The FDA's scientific review also showed that 18 of the 30 additives pose a "high risk" of exposing people to antibiotic-resistant bacteria, and that the rest lacked sufficient data to determine the risk, the report said.
The NRDC released its report after obtaining previously undisclosed scientific reviews from the FDA after a Freedom of Information Act request and subsequent litigation, the NRDC said.
The group said that it has seen no evidence that the FDA has taken steps since the review process to revoke approvals for any of the additives. "However, we found evidence suggesting that at least nine of these additives are being marketed today," the NRDC said in the release.

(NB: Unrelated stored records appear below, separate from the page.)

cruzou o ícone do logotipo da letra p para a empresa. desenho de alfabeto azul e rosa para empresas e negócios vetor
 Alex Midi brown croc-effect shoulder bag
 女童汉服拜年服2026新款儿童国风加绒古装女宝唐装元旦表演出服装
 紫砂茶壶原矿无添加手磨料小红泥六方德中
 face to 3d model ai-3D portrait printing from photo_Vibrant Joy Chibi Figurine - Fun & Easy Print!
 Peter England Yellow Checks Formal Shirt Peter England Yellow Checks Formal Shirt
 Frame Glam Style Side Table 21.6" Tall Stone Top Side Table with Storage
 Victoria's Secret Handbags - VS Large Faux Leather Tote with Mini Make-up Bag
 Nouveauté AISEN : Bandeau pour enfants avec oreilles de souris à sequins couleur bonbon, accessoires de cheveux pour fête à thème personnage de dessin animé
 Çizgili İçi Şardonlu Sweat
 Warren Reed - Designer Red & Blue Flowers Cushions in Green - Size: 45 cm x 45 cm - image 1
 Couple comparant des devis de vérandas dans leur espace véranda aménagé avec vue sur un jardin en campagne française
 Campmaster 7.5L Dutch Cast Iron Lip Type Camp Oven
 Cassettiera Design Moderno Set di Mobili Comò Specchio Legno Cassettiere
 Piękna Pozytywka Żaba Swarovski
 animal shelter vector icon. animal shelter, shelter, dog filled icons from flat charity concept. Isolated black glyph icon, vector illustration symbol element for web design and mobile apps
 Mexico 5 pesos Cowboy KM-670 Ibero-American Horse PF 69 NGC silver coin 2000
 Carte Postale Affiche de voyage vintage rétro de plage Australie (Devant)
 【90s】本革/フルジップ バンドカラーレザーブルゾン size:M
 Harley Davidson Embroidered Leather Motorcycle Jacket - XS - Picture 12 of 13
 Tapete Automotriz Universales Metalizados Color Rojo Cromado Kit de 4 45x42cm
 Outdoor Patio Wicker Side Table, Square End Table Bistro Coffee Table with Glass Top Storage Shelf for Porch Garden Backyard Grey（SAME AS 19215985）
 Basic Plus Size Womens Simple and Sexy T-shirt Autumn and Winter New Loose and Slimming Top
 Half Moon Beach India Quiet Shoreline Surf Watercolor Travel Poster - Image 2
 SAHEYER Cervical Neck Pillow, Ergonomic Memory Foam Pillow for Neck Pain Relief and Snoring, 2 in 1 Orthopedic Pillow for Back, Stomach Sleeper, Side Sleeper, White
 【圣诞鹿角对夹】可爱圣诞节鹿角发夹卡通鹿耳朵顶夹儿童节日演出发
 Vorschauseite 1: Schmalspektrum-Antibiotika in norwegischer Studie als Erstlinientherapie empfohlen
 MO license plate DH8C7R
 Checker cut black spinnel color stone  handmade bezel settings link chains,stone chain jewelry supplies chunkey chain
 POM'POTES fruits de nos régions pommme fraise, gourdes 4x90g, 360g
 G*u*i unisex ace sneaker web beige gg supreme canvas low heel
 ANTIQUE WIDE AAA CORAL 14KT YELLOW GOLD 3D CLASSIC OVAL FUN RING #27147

The FDA issued the following statement about the report, according to a Food Safety News (FSN) story today: "Based on its review of this and other information, the Agency chose to employ a strategy that would more broadly address the concerns about the production use of medically important antimicrobials in food-producing animals."
It added that the FDA "is confident that its current strategy to protect the effectiveness of medically important antimicrobials, including penicillins and tetracyclines, is the most efficient and effective way to change the use of these products in animal agriculture."